When we get asked to build a product, our policy is one of radical transparency with our ambitious clients. What we aim to converge on with our development teams is that we don’t need more features for an MVP, rather, we need to shorten the customer feedback loop: think → design → build → feedback → internalisation → iteration. Here’s how we go about getting from idea to MVP and full product suite as cost-effectively as possible using First Principles thinking.
Disruption
Disruption means building from scratch. Often incumbents in mature industries have biases in the way they run their businesses. Importantly, these businesses do work, and can even disrupt themselves with the right mindset. However, sometimes, it does take a completely new team with a fresh technological approach to disrupt an industry. Improvement is less about tech, and more about breaking bias. Successful businesses have a hidden treasure – tones of client feedback – and it all start here.
First Principles
Using open source technologies and frameworks is like starting on a blank canvas. The open source community is larger than any proprietary service or product, and this is the source of innovation.
Here are the questions we ask ourselves at every stage of development to ensure we’re destroying bias:
Discovery
- What is the core problem we are trying to solve?
- What is the best solution to this problem?
- Who has done this before – what competition is out there?
- What trends are we looking out for (market and technological) that we are taking advantage of?
- How are we different? – sometimes even a 2% efficiency can disrupt a market (think Capitec acquiring devices at 0.85% fees, compared to the industry standard of 1-3%)
- How unique is our solution – is what we are building easily copy-able?
- Do we have the right budget to compete in this market?
- Does unit economics of this new business make sense?
- Can we find 10 potential customers to discuss this idea with, to see if they might buy it?
- Here’s the million $$$ question – will someone buy this thing we’ve just built?
Design and Build
- What is the smallest possible product we can build that someone will buy – the MVP?
- Can we design and build this product cheaply?
- What are the best technologies to leverage to build the product?
- Should we be integrating with other software (typical eg. is Google SSO or payment gateways)?
- Do we have access to the right team to build the product?

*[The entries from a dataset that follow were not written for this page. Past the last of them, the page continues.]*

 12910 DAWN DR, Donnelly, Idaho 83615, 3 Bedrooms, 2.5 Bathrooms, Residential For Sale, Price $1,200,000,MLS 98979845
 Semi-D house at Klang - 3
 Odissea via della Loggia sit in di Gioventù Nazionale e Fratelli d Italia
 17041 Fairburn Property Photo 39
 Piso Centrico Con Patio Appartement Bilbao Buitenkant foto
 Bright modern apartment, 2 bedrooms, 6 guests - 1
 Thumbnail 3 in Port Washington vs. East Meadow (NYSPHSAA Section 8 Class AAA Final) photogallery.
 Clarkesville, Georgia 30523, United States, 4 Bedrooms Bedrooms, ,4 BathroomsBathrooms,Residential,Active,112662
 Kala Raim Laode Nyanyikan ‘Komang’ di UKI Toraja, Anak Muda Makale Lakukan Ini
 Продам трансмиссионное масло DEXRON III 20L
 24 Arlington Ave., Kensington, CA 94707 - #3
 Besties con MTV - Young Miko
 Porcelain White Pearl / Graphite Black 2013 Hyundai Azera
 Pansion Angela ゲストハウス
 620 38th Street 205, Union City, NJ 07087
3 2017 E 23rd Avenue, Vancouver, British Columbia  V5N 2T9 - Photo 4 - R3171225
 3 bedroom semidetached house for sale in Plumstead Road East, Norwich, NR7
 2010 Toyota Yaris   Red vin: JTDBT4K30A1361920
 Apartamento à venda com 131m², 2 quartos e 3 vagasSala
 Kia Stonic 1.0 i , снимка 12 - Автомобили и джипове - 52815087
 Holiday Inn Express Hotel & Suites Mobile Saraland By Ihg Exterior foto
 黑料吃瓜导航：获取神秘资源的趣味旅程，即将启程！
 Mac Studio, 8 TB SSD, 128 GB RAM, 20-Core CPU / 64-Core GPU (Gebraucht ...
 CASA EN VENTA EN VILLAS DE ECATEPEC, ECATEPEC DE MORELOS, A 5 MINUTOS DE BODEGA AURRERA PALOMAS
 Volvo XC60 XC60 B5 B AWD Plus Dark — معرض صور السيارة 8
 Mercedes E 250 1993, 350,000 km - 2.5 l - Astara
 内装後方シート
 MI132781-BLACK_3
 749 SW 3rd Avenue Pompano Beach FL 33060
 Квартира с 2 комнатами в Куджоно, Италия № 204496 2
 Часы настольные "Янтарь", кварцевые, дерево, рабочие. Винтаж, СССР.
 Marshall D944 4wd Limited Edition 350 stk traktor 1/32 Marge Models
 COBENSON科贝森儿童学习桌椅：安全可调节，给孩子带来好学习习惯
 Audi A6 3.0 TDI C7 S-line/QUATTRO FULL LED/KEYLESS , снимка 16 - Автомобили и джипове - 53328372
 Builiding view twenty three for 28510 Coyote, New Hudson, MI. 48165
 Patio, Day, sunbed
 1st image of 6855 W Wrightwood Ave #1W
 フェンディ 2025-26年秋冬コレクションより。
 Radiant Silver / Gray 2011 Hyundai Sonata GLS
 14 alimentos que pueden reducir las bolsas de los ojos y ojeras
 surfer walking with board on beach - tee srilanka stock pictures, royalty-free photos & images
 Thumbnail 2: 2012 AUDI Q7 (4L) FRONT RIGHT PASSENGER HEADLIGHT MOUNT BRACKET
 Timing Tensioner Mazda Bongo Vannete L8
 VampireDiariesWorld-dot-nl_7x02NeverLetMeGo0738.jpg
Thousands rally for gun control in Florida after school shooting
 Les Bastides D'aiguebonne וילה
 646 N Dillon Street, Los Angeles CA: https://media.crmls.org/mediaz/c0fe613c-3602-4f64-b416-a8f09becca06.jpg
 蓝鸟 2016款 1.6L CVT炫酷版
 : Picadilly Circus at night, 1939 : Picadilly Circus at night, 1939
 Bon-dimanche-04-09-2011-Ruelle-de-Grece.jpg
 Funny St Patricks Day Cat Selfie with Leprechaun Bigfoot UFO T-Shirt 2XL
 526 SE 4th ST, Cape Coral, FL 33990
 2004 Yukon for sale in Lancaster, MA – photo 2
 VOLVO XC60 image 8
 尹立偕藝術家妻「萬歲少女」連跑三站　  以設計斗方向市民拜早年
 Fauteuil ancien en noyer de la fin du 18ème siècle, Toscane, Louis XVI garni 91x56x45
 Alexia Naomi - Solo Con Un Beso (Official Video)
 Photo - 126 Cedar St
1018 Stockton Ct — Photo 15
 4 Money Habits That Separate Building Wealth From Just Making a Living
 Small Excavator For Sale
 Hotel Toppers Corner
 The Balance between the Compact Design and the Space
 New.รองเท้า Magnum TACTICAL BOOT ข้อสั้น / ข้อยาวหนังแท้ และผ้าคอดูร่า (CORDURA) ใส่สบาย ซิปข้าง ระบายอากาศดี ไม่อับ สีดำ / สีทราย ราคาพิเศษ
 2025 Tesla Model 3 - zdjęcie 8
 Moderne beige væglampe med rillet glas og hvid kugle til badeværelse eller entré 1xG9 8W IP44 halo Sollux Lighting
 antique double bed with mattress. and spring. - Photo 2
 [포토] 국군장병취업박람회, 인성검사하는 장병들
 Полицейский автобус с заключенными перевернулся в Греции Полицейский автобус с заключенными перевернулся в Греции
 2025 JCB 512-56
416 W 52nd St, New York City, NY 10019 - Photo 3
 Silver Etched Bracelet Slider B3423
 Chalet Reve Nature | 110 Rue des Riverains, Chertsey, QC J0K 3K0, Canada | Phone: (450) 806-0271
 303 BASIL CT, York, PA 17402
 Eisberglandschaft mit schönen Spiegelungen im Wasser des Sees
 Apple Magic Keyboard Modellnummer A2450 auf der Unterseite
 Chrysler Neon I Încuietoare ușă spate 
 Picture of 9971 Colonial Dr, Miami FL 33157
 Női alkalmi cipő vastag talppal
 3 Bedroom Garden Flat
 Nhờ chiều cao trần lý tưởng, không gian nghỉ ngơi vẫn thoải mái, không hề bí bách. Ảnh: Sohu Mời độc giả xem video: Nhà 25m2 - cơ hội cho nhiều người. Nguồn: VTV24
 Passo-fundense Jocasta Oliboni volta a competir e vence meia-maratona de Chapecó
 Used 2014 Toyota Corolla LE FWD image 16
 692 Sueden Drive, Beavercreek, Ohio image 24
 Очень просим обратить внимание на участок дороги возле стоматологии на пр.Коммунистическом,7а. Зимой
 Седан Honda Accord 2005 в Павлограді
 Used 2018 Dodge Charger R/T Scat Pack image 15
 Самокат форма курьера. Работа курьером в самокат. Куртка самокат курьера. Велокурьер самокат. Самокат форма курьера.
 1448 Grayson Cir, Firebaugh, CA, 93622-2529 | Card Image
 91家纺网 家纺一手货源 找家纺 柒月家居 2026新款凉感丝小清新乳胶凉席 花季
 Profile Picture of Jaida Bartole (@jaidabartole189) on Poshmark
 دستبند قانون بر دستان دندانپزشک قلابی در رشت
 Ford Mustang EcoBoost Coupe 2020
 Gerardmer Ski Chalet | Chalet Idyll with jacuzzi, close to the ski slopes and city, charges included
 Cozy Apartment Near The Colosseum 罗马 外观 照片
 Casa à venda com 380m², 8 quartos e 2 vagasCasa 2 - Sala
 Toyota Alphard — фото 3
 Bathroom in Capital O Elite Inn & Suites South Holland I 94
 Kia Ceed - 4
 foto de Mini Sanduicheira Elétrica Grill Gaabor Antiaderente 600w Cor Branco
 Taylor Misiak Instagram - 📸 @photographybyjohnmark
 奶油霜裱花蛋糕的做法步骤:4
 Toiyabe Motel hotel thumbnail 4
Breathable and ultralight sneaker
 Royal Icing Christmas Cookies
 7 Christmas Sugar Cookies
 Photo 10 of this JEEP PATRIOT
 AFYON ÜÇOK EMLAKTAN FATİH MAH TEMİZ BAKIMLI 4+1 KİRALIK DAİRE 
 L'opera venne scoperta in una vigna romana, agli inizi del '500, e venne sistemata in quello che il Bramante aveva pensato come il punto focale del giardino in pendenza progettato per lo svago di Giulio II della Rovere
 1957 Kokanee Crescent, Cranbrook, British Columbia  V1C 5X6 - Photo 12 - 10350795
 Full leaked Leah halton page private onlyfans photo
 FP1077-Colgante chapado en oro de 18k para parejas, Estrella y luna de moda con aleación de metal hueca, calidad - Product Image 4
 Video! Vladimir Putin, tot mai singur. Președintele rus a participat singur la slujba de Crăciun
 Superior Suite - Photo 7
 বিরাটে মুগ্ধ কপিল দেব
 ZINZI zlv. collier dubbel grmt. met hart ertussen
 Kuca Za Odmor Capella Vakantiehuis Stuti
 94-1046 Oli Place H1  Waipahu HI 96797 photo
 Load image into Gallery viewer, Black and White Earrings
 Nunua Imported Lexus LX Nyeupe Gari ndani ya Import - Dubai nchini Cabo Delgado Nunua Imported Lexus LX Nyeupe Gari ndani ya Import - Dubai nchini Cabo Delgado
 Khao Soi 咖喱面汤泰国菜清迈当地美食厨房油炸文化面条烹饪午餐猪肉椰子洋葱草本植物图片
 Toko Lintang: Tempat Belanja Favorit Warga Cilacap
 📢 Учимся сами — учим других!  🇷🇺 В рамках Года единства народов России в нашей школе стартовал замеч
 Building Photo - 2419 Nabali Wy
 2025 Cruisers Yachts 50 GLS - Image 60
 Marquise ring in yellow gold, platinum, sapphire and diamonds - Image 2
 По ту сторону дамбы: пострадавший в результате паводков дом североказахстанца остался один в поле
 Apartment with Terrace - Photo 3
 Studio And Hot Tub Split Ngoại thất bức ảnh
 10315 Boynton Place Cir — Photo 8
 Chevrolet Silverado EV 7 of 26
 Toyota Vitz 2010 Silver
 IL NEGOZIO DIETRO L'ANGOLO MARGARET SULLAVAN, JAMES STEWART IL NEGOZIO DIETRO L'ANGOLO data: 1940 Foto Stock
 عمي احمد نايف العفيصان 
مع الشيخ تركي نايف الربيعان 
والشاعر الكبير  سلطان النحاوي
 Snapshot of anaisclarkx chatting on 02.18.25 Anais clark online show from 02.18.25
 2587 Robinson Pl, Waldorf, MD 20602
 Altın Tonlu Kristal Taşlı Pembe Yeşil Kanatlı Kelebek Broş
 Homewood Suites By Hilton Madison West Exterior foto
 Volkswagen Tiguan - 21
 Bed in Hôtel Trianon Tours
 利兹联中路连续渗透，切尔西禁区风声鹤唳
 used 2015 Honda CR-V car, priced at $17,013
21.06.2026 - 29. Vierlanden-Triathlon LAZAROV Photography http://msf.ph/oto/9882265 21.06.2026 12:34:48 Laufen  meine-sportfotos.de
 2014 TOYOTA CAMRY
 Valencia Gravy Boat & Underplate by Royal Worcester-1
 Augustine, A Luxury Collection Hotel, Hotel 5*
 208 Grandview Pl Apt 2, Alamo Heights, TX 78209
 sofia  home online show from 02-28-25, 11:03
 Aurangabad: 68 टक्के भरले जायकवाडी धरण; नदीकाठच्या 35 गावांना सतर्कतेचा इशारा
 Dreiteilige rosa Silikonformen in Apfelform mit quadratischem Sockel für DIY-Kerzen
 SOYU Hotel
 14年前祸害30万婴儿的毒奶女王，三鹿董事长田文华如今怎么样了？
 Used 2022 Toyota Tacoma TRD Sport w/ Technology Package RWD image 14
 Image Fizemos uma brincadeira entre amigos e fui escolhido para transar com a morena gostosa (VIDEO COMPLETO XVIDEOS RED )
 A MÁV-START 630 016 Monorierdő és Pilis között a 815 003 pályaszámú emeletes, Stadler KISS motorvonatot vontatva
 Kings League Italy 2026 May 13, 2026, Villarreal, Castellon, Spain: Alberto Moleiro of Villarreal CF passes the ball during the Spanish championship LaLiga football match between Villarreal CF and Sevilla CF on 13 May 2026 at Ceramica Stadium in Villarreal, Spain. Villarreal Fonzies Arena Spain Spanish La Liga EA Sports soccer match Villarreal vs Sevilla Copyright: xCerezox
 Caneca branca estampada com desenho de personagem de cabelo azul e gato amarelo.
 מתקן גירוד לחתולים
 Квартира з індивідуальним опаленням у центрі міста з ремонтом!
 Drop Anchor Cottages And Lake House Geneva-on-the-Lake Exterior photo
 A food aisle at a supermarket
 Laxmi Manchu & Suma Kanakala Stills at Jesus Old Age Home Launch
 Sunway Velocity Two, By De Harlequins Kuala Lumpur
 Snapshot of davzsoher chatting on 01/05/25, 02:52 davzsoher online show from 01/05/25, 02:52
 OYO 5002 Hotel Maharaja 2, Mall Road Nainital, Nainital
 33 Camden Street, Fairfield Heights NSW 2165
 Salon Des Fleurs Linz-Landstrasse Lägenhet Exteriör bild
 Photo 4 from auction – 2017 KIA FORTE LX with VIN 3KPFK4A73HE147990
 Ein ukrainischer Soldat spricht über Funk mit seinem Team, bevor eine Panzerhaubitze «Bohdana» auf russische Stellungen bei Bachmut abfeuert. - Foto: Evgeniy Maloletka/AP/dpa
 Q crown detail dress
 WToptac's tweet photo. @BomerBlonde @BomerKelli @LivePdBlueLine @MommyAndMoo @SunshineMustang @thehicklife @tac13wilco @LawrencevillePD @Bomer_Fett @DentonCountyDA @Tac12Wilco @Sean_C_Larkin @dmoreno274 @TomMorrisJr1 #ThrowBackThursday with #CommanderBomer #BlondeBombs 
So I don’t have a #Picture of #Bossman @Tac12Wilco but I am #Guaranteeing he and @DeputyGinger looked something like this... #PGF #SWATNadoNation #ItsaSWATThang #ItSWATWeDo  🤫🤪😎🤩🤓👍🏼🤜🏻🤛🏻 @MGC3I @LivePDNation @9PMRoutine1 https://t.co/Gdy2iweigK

Both technical and domain specialists?
- What is your ideal customer’s feedback on your designs, pre-launch?
Go-live!
- What are the key users inside our customers’ org saying about the MVP?
- What are the next best features we should tackle – based on our client’s feedback?
- What is the balance between our internal ideas, and what our customers are asking us to build?
- Should we listen to what our customers are saying they want, or what they want but haven’t seen in the world yet?
Repeat, repeat, repeat
We understand that our initial conjecture for building an MVP is almost always wrong. That’s ok, an MVP is not meant to be the final product, but something that shows promise, indicates that this product is needed and warrants more time, investment and love.
The first cycle of this loop is the hardest – and this is true for start-ups and ambitious incumbents looking to disrupt themselves.